Par lettre du 24 novembre 2023, la SAS [9] a saisi la commission médicale de recours amiable ([13]) de la caisse afin de contester la décision de prise en charge de l’ensemble des arrêts et soins prescrits à M. [J].

A défaut de réponse, par requête reçue le 29 mai 2024 au greffe, la société [9] a saisi le service du contentieux social du tribunal judiciaire de Bobigny aux fins de contester la durée et l’imputabilité des arrêts de travail prescrits à M. [J].

L’affaire a été appelée à l’audience du 10 décembre 2024, date à laquelle les parties, présentes ou représentées, ont été entendues en leurs observations.

Par conclusions déposées et soutenue à l’audience, la société [9], représentée par son conseil, demande au tribunal de : - Juger son recours recevable, - A titre principal, juger que la prise en charge, au titre de la législation professionnelle, par la [14], des arrêts de travail prescrits au-delà du 11 juillet 2023, des suites de l’accident du 11 juin 2023, lui est inopposable ; - A titre subsidiaire, ordonner, avant dire droit, une expertise médicale judiciaire sur pièces afin de vérifier la justification des soins et arrêts de travail pris en charge par la [14] au titre de l’accident du 11 juin 2023 déclaré par M. [J].

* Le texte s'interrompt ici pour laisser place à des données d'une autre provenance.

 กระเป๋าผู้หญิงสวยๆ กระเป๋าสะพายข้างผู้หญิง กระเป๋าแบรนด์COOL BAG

Au soutien de ses demandes, la société [9] se fonde sur l’avis de son médecin conseil, le docteur [Y], et soutient que la durée anormalement longue des arrêts de travail accordés à M. [J] semble conforter l’idée que la date de consolidation a été fixée tardivement ou qu’il existait un état pathologique antérieur évoluant pour son propre compte. Elle précise qu’aucun élément médical ne permet de justifier d’une longueur d’arrêts de 169 jours. Elle indique que refuser une expertise à l’employeur qui ne dispose d’aucun autre moyen pour faire la preuve de ses prétentions, constituerait une atteinte au principe du droit à un procès équitable.

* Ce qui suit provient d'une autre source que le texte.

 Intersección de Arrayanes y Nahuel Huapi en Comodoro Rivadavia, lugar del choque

Régulièrement représentée, par des conclusions en défense déposées et soutenues à l’audience, la [15] demande au tribunal de : - déclarer opposable à la société [9] l’ensemble des arrêts de travail et soins prescrits à M. [J] suite à l’accident du travail dont il a été victime le 11 juin 2023 ; - débouter la société [9] de l’ensemble de ses demandes.

Elle soutient que l’accident de M. [J] ainsi que les arrêts de travail prescrits dans la suite bénéficie de la présomption d’imputabilité édictée par l’article L. 411-1 du code de la sécurité sociale. Elle indique que la société [9] ne rapporte aucun élément de nature à établir l’existence d’une cause totalement étrangère au travail à l’origine exclusive des arrêts de travail prescrits à M. [J]. Elle ajoute que l’employeur dispose de la possibilité de mandater son médecin conseil ou de solliciter la Caisse pour diligenter des contre-visites afin de vérifier la bien-fondé de ceux-ci.